Briquettes vs. Lump Charcoal: What Is the Difference?

Updated: Dec 27, 2021

Close Up of Burnig Charcoal

One of the most entertaining ways to cook fresh food is to firing up the grill. However, before starting your grill, you need to decide what material to use for burning.

People use two main types of materials when grilling: lump charcoal and briquettes. This guide will illuminate the differences between briquettes versus lump charcoal.

The Benefits and Disadvantages of Lump Charcoal

Charcoal contains a high amount of carbon because it’s essentially just carbonized wood. It burns more quickly and at a higher temperature than briquettes, requiring close monitoring due to how hot it gets. If you need material for a quick burning session, lump charcoal is ideal because it lights quickly and keeps burning steadily. It also produces an abundance of smoke, so if that suits your fancy, you can use it for flavor.

Unfortunately, some pieces of carbon don’t carbonize fully. This means that pieces can vary in size, leading to inconsistent burning temperatures, cooking times, and burning ability per bag.
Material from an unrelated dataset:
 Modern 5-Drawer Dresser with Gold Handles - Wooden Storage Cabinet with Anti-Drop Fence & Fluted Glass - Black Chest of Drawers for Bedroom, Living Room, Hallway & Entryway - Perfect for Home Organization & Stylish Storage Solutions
Also, since charcoal cooks quickly, you need to buy more of it for longer grilling sessions. In addition, charcoal costs more than briquettes, and it breaks down easily into dust, which will put out your flame.

The Pros and Cons of Briquettes

Briquettes have a few unique traits that distinguish them from lump charcoal. First, companies manufacture them out of all sorts of materials, from wood to coconut shells. They’re easier to light, and they control the burn better than lump charcoal. The main reason why people buy briquettes is that they have more endurance and that they burn at lower temperatures than lump charcoal does. This makes them the perfect material for slowly smoking your food with low amounts of smoke. They also come in a few different shapes, such as hexagonal charcoal briquettes, making them easier to organize.
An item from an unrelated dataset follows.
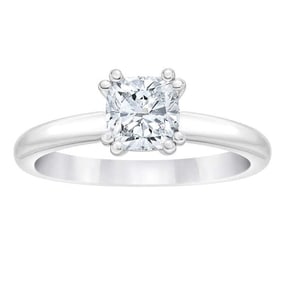 Natural 2 CT Diamond Solitaire Ring 18K White Gold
However, briquettes are often more expensive than lump charcoal. Luckily, if you want to take matters into your own hands, you can make briquettes yourself from scratch, though the final outcome might not be as professional as a product made by a company.
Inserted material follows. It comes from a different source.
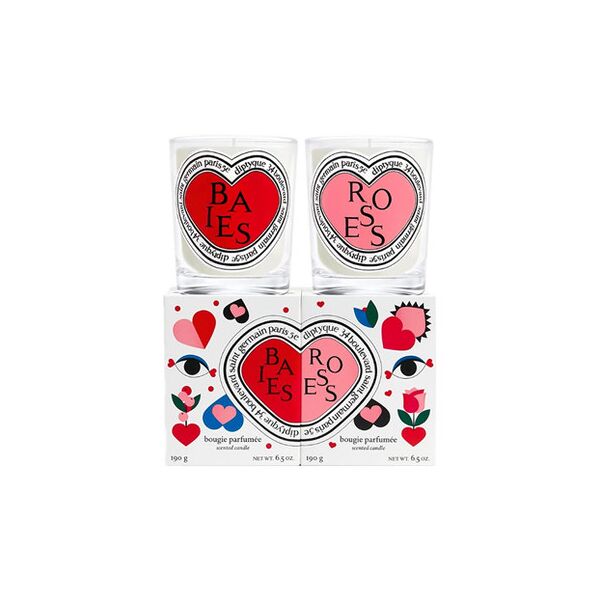 diptyque duo candele baies-roses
Finding the Material That Suits Your Needs Best

Overall, both lump charcoal and briquettes can be self igniting and chemical free if you’re willing to look for the right type. However, lump charcoal’s irregular shape leads to mixed results, while briquettes lack the smoke flavor that lump charcoal offers. Nonetheless, you should now be able to answer the question, briquettes vs. lump charcoal: What is the difference?